(Task directions) Set down every record below exactly as written, but leave out the pictures.

(Provided data)
--- START ---

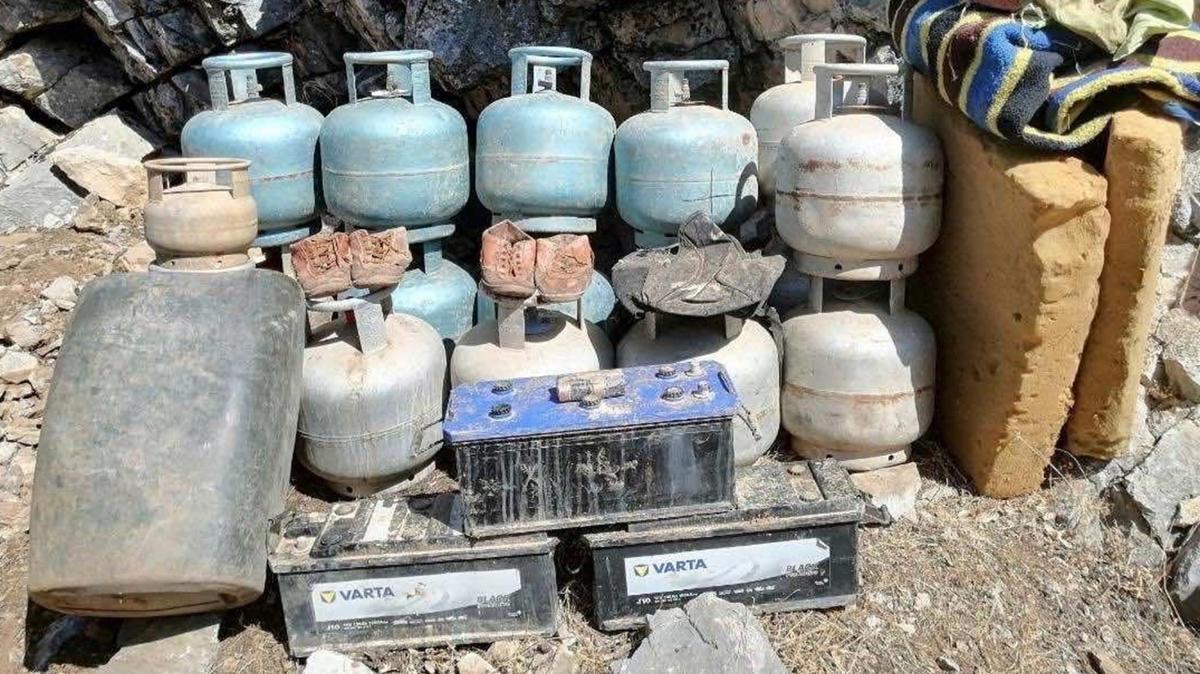 Terr operasyonunda PKK'ya ait yaam malzemeleri ele geirildi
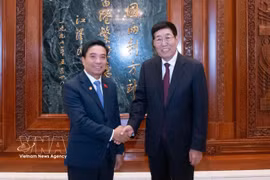 越中友好议员小组主席阮尹英会见中越友好议员小组主席巴音朝鲁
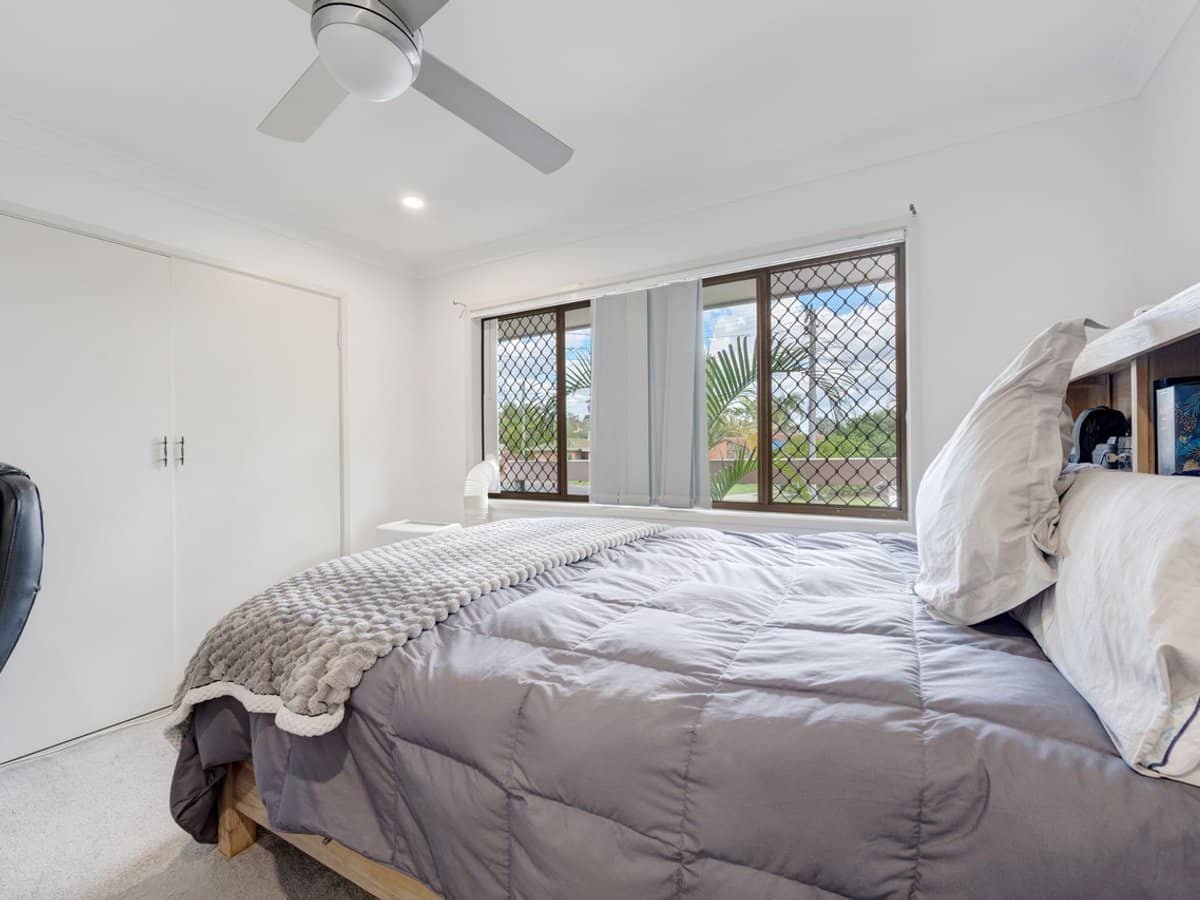 8 Adair Court, SPRINGWOOD - Thumbnail 7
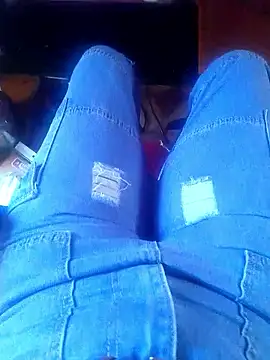 Snapshot of Rolivhuwa4321 chatting on April 8, 12:27 pm Rolivhuwa4321 online show from April 8, 12:27 pm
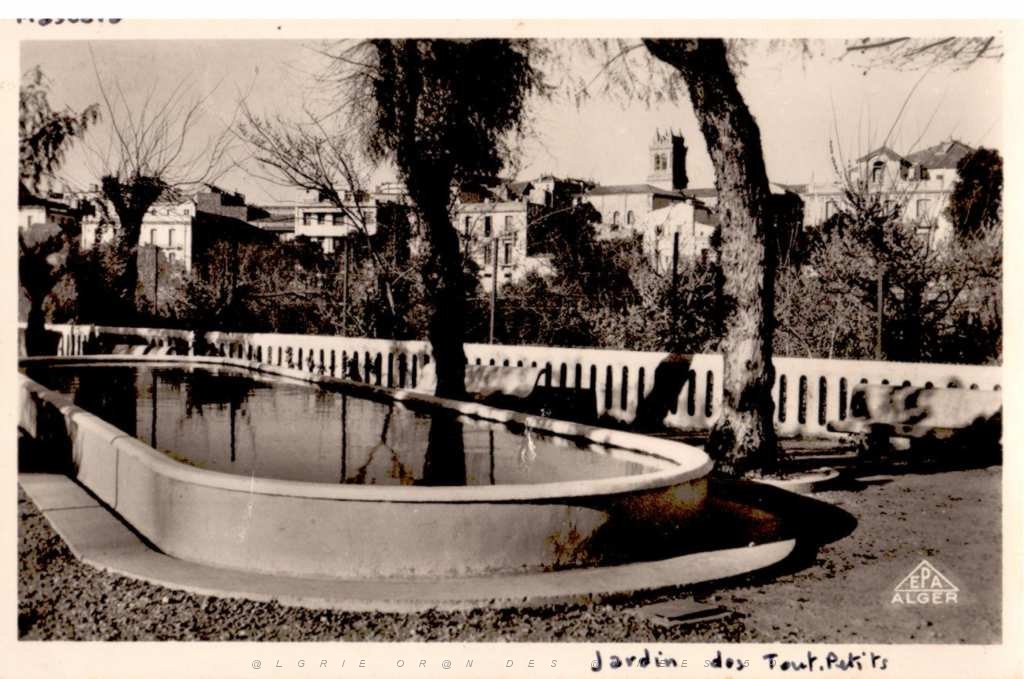 MASCARA 104 LE JARDIN DES TOUT-PETITS.JPG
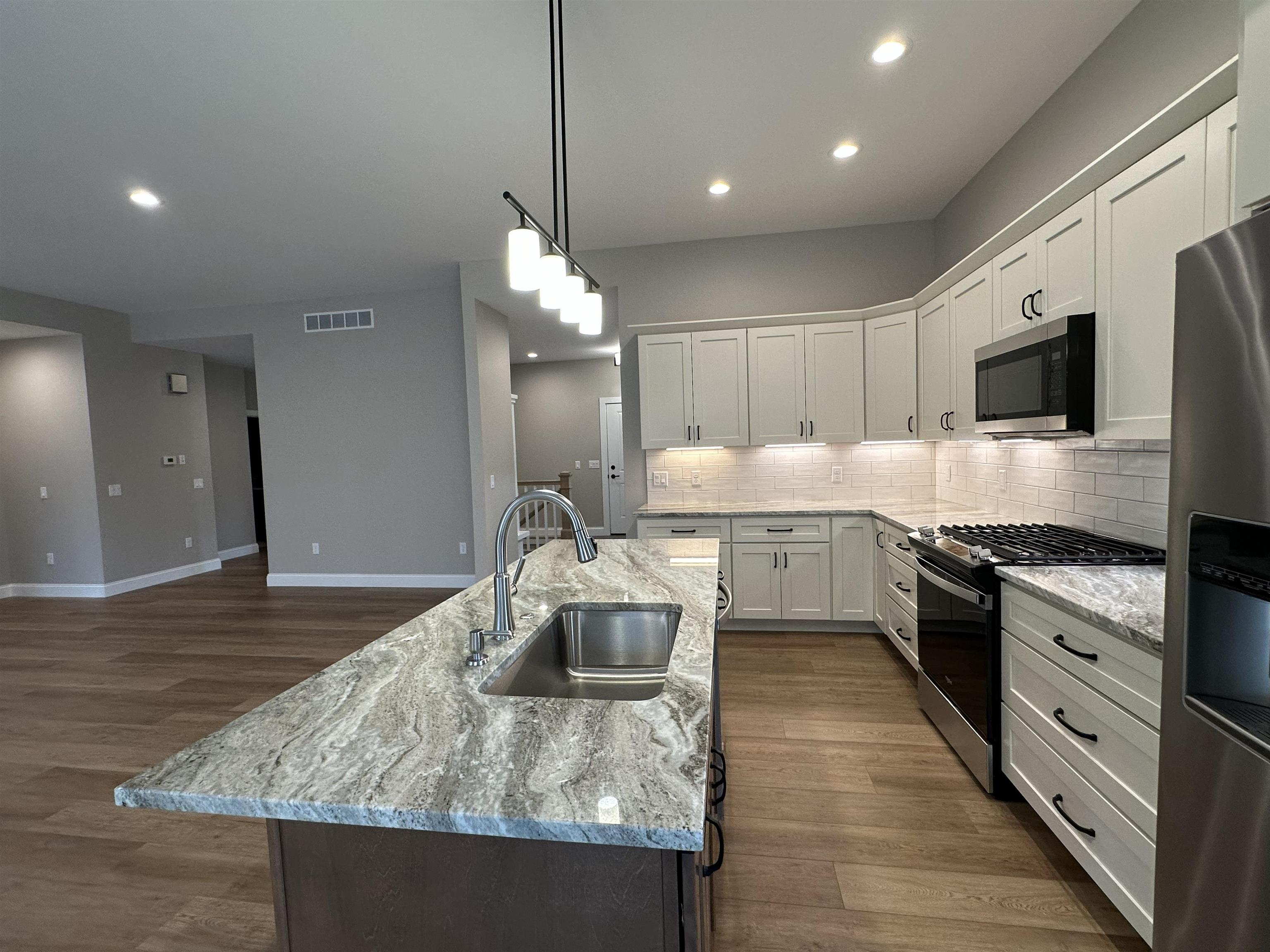 5541 Forestridge Way Property Photo 6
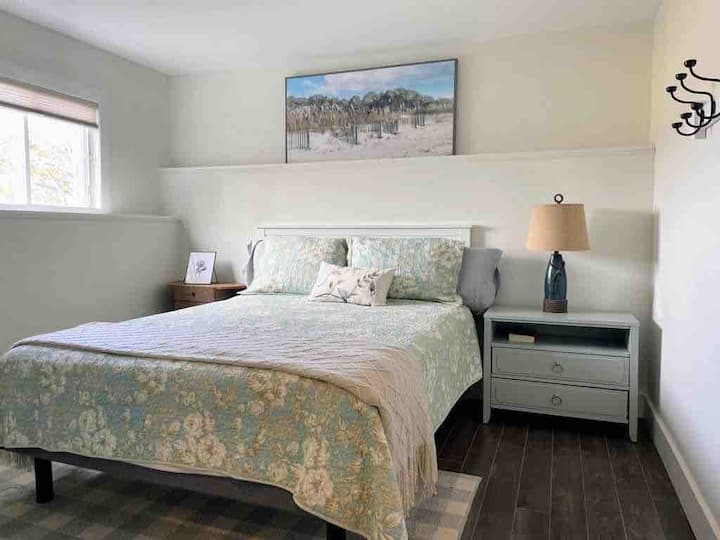 3号卧室（低层）
标准双人床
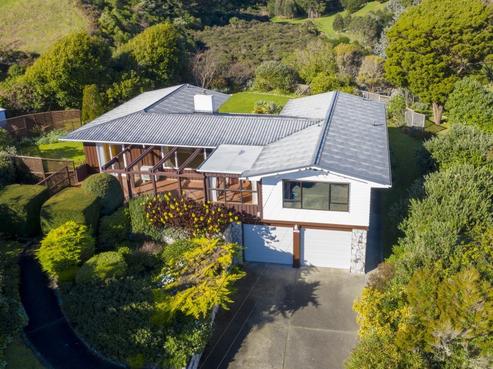18 Kawau Grove, Waikanae Beach
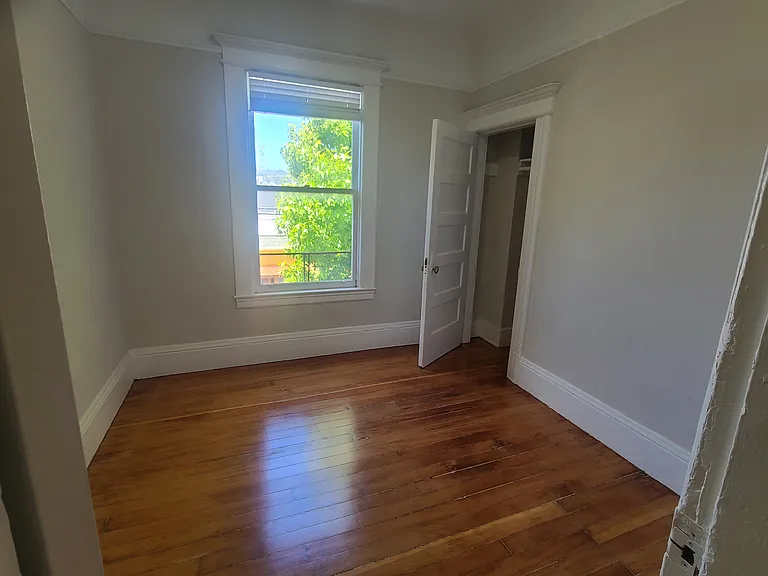 2411 Bryant St — Photo 8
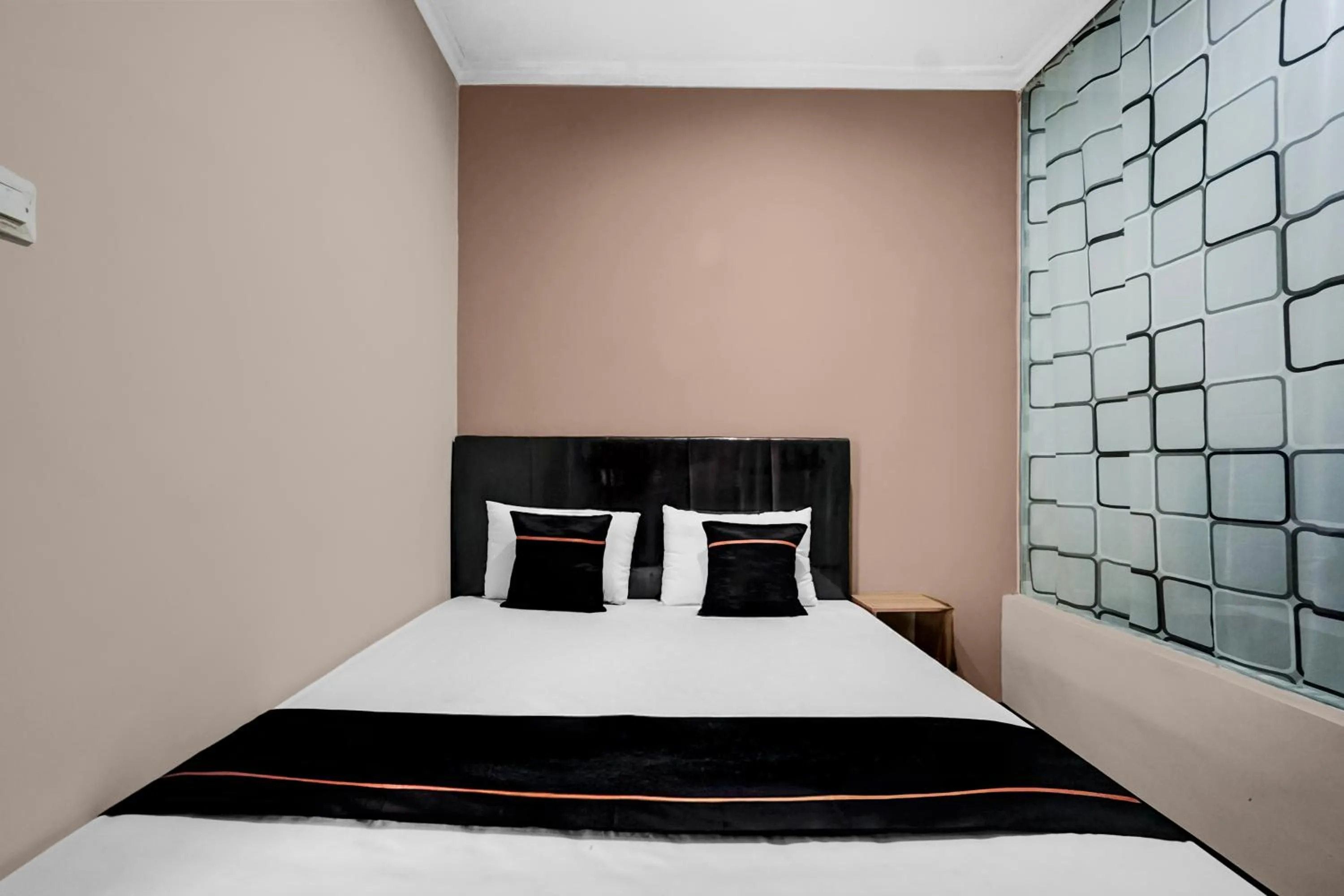 Bedroom, Bed in Hotel O near Ciputra World Surabaya formerly Darmo Residence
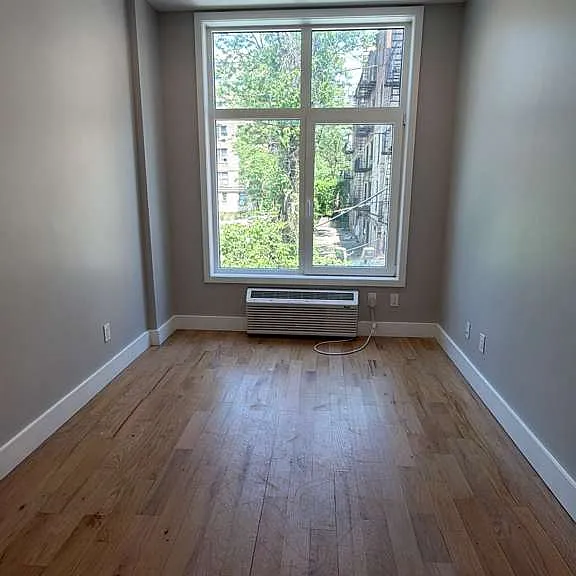 1825 Topping Ave #3 — Photo 3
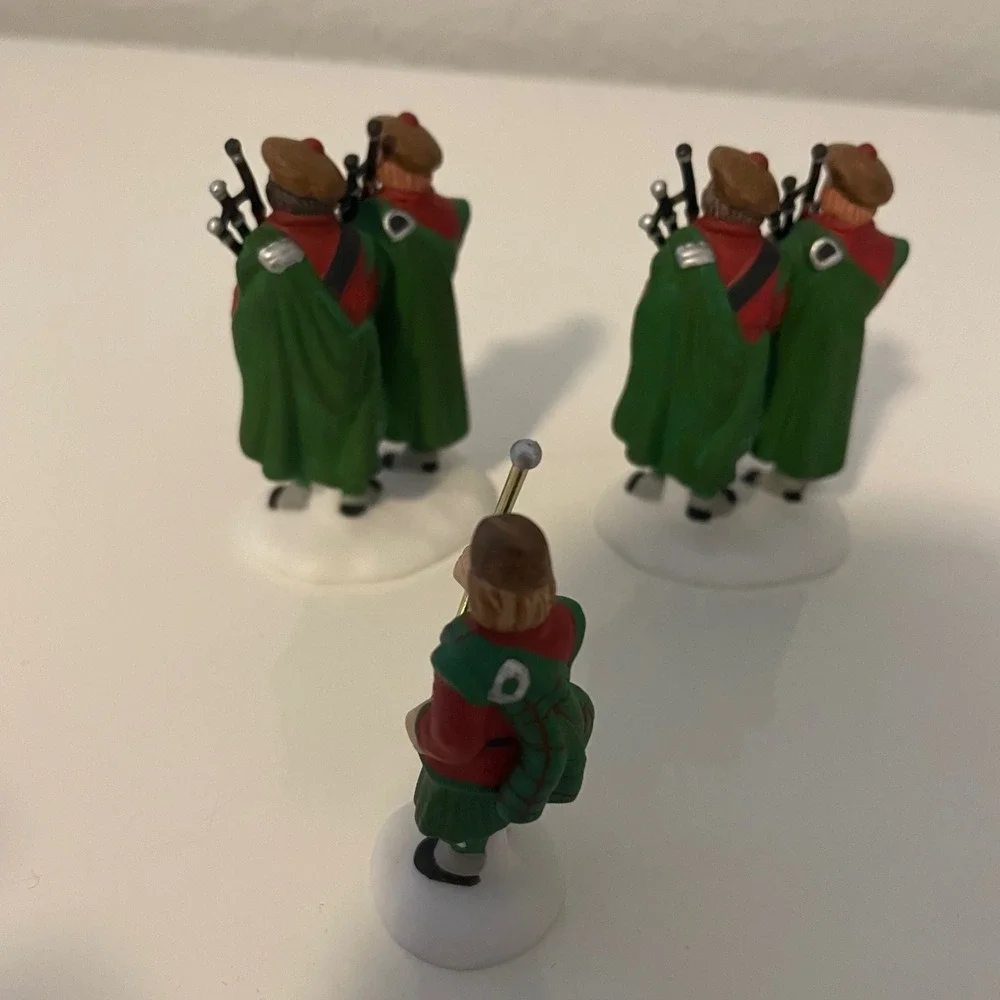 Department 56 Ten Pipers Piping 12 Days of Christmas Dickens Village‎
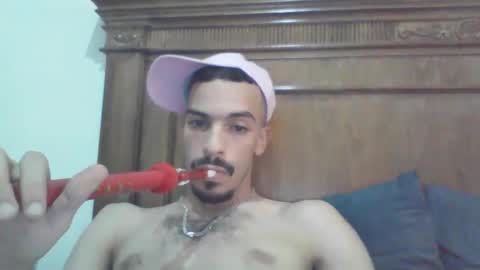 Snapshot of jokerharle1 chatting on 09.19.25 ALICEARABIAN online show from 09.19.25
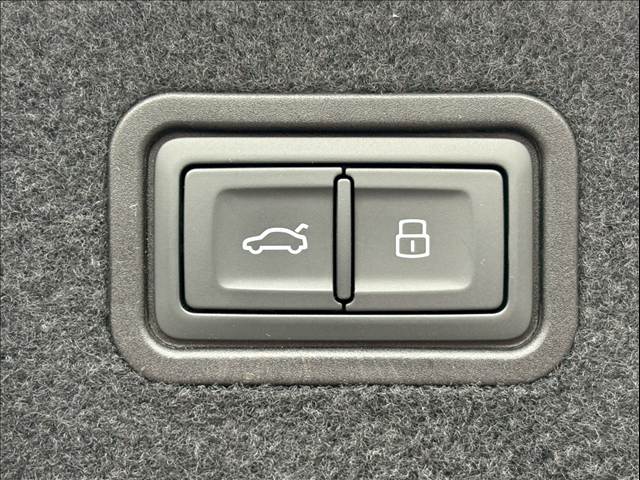 アウディ A8の画像11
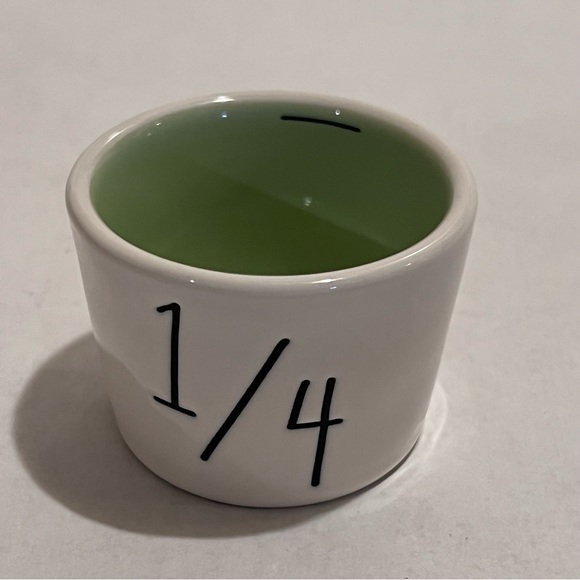 Rae Dunn Easter Set of 4 Ceramic Measuring Cups - Picture 15 of 17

--- END ---

(Answer below)
 Terr operasyonunda PKK'ya ait yaam malzemeleri ele geirildi
 越中友好议员小组主席阮尹英会见中越友好议员小组主席巴音朝鲁
 8 Adair Court, SPRINGWOOD - Thumbnail 7
 Snapshot of Rolivhuwa4321 chatting on April 8, 12:27 pm Rolivhuwa4321 online show from April 8, 12:27 pm
 MASCARA 104 LE JARDIN DES TOUT-PETITS.JPG
 5541 Forestridge Way Property Photo 6
 3号卧室（低层）
标准双人床
18 Kawau Grove, Waikanae Beach
 2411 Bryant St — Photo 8
 Bedroom, Bed in Hotel O near Ciputra World Surabaya formerly Darmo Residence
 1825 Topping Ave #3 — Photo 3
 Department 56 Ten Pipers Piping 12 Days of Christmas Dickens Village‎
 Snapshot of jokerharle1 chatting on 09.19.25 ALICEARABIAN online show from 09.19.25
 アウディ A8の画像11
 Rae Dunn Easter Set of 4 Ceramic Measuring Cups - Picture 15 of 17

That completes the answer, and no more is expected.